### [What is being asked]
The response should be an exact copy of the records, with the pictures removed.

### [Dataset records]
************

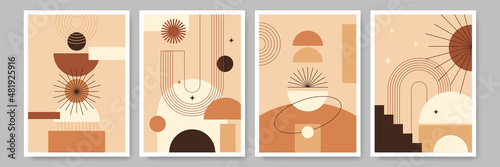 abstract shape colorful Flat Boho Geometric Neutral Color design Poster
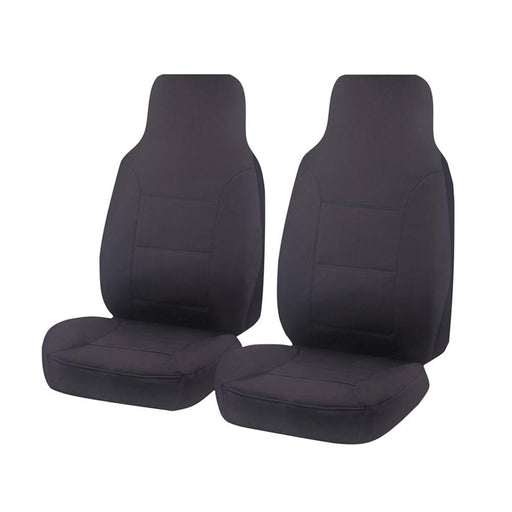 Seat Covers for TOYOTA HILUX SR GUN123R / GUN126R SERIES 08/2015 - ON SINGLE CAB CHASSIS FRONT 2 X HIGH BUCKETS CHARCOAL ALL TERRAIN - Outbackers
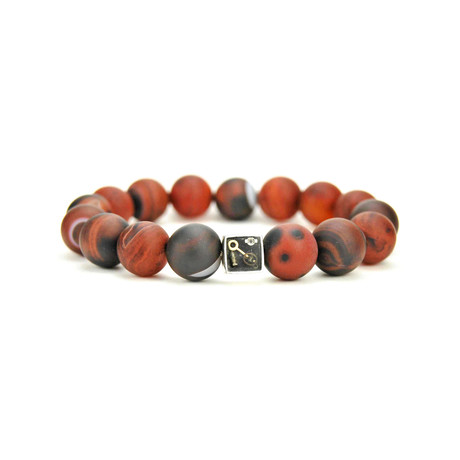 Agate Bead Bracelet // Sterling Silver Bead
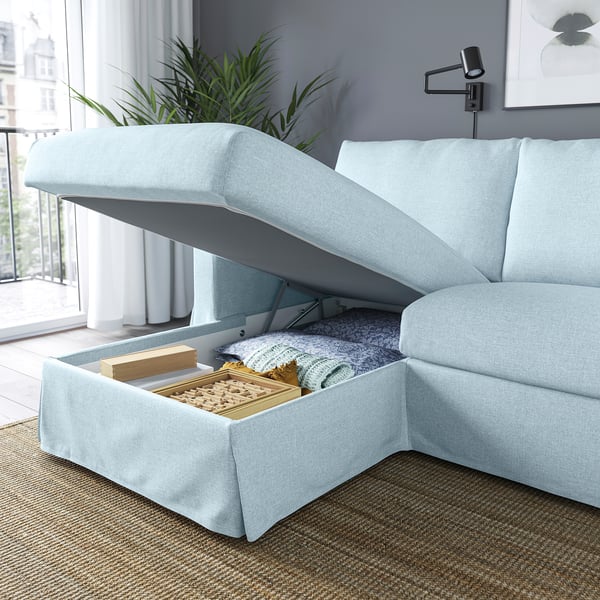 HYLTARP 3-seat sofa w chaise longue, left, Kilanda pale blue, 262 cm
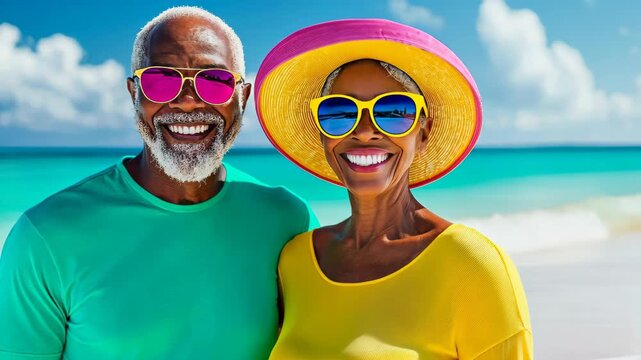Beach Day Bliss: A vibrant elderly couple shares a joyous moment, radiant in the warmth of the sun and the breathtaking beauty of the beach. Their smiles reflect a deep bond and a zest for life.
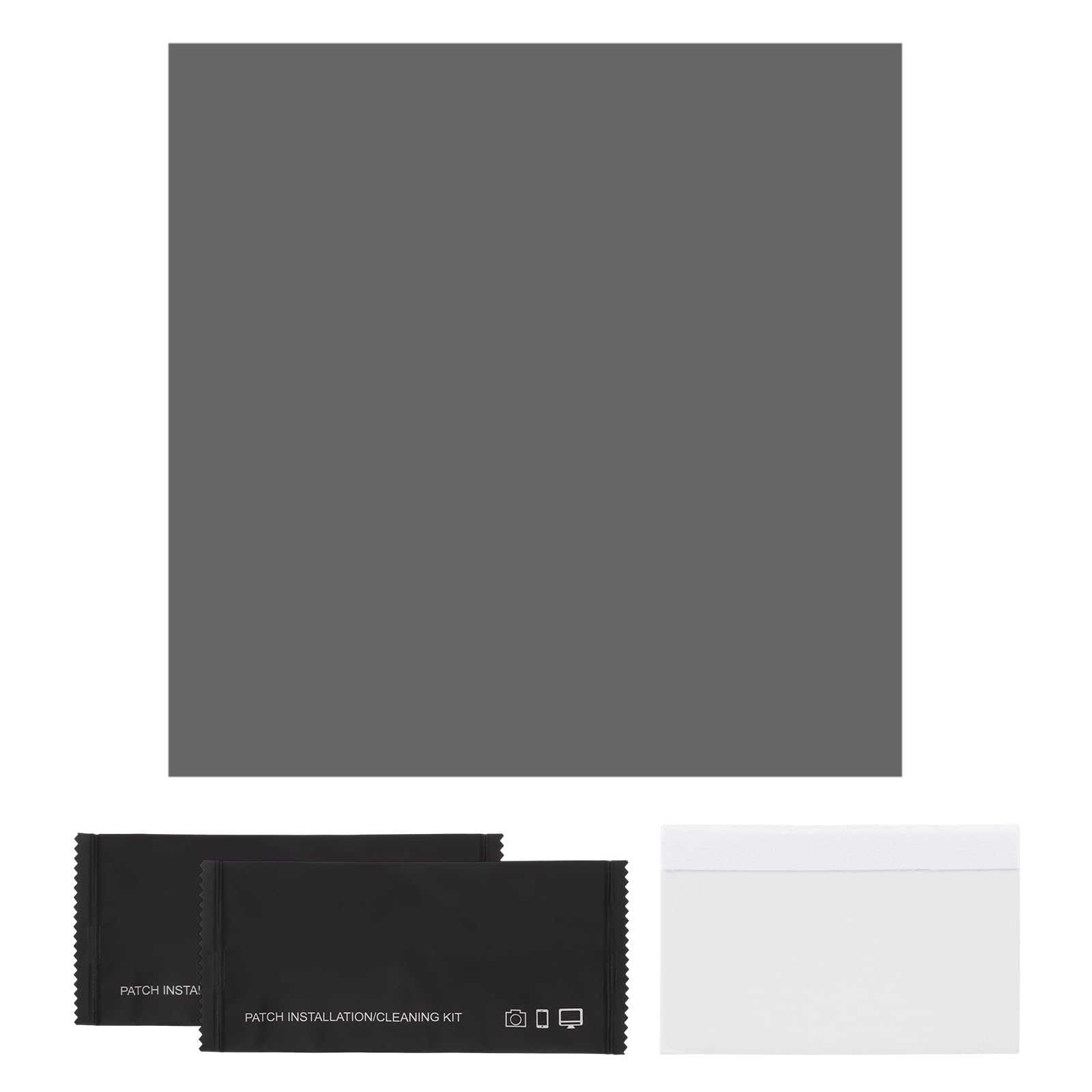 sourcing map Polarized Film, 7 x 7 Inch Universal Adhesive Polarized Sheets Linear Polarizing Filter with Cleaning Kit Scraper for LCD Screen Repair Physics Education (180x180mm)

************

### [Solution for this problem]
 abstract shape colorful Flat Boho Geometric Neutral Color design Poster
 Seat Covers for TOYOTA HILUX SR GUN123R / GUN126R SERIES 08/2015 - ON SINGLE CAB CHASSIS FRONT 2 X HIGH BUCKETS CHARCOAL ALL TERRAIN - Outbackers
 Agate Bead Bracelet // Sterling Silver Bead
 HYLTARP 3-seat sofa w chaise longue, left, Kilanda pale blue, 262 cm
Beach Day Bliss: A vibrant elderly couple shares a joyous moment, radiant in the warmth of the sun and the breathtaking beauty of the beach. Their smiles reflect a deep bond and a zest for life.
 sourcing map Polarized Film, 7 x 7 Inch Universal Adhesive Polarized Sheets Linear Polarizing Filter with Cleaning Kit Scraper for LCD Screen Repair Physics Education (180x180mm)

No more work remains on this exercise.